Tax Evasion is now a Corporate Offence: Implications for Companies
The Criminal Finances Act 2017 (“the Act”) received Royal Assent at the end of April 2017. The Act introduces new corporate offences of failure to prevent the facilitation of tax evasion, which is likely to come into force this Autumn. Modelled on the ‘failure to prevent bribery’ offence in the Bribery Act 2010, the offences are strict liability, meaning no necessity to prove intent on the part of the corporate entity to obtain a conviction. The offence is made out when the following three factors apply:
(1) there is criminal evasion of tax by the taxpayer;
(2) there was deliberate facilitation of (1) by an associated person (it must be a deliberate/dishonest act not negligent or unwitting conduct); and
(3) failure to prevent (2) by the company.

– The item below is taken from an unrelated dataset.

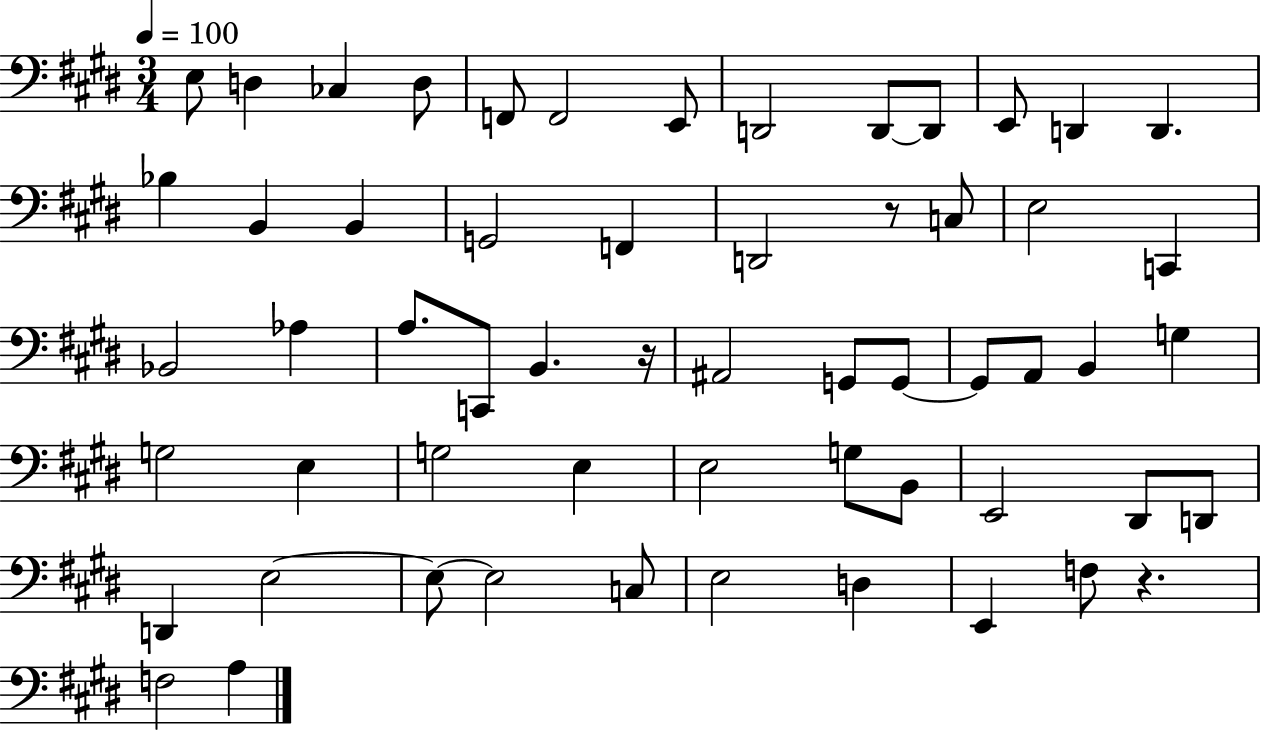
E3/e D3/q CES3/q D3/e F2/e F2/h E2/e D2/h D2/e D2/e E2/e D2/q D2/q. Bb3/q B2/q B2/q G2/h F2/q D2/h R/e C3/e E3/h C2/q Bb2/h Ab3/q A3/e. C2/e B2/q. R/s A#2/h G2/e G2/e G2/e A2/e B2/q G3/q G3/h E3/q G3/h E3/q E3/h G3/e B2/e E2/h D#2/e D2/e D2/q E3/h E3/e E3/h C3/e E3/h D3/q E2/q F3/e R/q. F3/h A3/q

Comparable to the Bribery Act adequate procedures defence, a defence is available when a company can demonstrate it has “reasonable procedures” to prevent commission of the offence. The implication for companies is that they need to act now.
What action should be taken by companies?
§ Risk assessment – companies should conduct a thorough “tax evasion” risk assessment of their business and their contractual associations.
§ Procedures – there should be implementation of appropriate procedures to prevent the facilitation of tax evasion.
§ Training - appropriate staff should be trained on how to identify potential tax evasion to protect the company from the new offence.
§ Governance – senior management should be committed to changing the company’s culture.
§ Review – monitoring and frequent review of the risk assessment, mitigating controls, and training requirements will be important to exhibit that a robust framework is in place.
The legislation is intentionally tough and provides tangible powers for enforcement agencies. For this reason, companies should put measures in place immediately.